What to produce: Below are some entries. Repeat exactly the lines from the one with "Green North Face 💚✨" through the one with "3981 39th St E, Nitro, WV 25143 - photo 2", and only those.

Excerpted data:

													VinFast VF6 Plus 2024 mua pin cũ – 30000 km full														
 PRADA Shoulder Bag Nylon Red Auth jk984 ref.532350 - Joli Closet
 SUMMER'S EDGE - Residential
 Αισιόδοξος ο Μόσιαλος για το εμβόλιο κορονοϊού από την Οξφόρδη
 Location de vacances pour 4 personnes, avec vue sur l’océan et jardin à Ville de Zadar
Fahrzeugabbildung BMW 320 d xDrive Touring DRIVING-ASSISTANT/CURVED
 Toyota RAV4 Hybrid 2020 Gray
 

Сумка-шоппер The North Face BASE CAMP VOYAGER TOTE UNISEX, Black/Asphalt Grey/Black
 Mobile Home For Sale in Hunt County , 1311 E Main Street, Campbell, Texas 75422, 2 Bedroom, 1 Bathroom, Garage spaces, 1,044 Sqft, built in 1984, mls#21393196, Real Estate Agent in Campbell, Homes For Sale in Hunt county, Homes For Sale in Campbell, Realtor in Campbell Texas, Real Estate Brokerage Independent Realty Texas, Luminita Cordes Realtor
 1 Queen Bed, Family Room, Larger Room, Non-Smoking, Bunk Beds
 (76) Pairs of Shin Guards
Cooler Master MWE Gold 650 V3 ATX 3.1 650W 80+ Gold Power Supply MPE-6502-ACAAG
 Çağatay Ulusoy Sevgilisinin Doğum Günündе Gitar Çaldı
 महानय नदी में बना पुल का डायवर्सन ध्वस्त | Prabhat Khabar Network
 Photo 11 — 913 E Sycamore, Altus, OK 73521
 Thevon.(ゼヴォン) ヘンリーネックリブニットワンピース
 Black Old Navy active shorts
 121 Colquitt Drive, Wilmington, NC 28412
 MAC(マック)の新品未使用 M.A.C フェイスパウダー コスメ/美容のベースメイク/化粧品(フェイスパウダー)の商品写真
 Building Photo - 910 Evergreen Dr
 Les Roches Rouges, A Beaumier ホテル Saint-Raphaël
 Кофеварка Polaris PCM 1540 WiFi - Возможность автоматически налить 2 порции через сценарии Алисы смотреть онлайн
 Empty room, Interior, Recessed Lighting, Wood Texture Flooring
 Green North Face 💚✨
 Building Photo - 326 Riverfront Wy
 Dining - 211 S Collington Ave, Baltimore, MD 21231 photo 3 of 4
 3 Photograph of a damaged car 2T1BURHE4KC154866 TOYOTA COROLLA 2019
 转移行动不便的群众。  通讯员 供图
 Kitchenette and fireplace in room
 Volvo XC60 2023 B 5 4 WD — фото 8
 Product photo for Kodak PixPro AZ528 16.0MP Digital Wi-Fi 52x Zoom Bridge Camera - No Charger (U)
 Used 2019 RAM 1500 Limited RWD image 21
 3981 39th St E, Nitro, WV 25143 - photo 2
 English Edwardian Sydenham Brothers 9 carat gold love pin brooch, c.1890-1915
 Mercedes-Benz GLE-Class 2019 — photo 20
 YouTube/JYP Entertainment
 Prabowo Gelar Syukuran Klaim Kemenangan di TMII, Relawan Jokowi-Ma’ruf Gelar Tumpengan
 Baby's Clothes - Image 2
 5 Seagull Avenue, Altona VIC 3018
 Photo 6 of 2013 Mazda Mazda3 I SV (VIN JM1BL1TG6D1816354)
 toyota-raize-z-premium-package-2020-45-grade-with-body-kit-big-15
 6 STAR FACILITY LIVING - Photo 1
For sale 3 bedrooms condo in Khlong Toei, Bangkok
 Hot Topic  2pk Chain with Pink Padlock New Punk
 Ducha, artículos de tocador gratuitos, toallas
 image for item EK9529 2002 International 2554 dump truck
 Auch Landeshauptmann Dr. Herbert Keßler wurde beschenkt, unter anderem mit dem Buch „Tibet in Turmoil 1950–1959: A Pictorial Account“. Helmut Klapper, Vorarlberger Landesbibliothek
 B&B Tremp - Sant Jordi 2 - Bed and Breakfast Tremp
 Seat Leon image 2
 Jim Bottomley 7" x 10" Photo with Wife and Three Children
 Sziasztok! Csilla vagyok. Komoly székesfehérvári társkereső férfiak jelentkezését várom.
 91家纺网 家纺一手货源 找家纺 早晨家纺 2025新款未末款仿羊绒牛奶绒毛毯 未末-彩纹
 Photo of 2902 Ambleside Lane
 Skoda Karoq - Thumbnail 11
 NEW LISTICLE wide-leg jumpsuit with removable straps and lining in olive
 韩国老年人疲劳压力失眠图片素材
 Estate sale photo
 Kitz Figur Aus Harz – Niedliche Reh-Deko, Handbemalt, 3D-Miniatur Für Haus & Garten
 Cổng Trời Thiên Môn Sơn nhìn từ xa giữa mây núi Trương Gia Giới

Solved problem:
 Green North Face 💚✨
 Building Photo - 326 Riverfront Wy
 Dining - 211 S Collington Ave, Baltimore, MD 21231 photo 3 of 4
 3 Photograph of a damaged car 2T1BURHE4KC154866 TOYOTA COROLLA 2019
 转移行动不便的群众。  通讯员 供图
 Kitchenette and fireplace in room
 Volvo XC60 2023 B 5 4 WD — фото 8
 Product photo for Kodak PixPro AZ528 16.0MP Digital Wi-Fi 52x Zoom Bridge Camera - No Charger (U)
 Used 2019 RAM 1500 Limited RWD image 21
 3981 39th St E, Nitro, WV 25143 - photo 2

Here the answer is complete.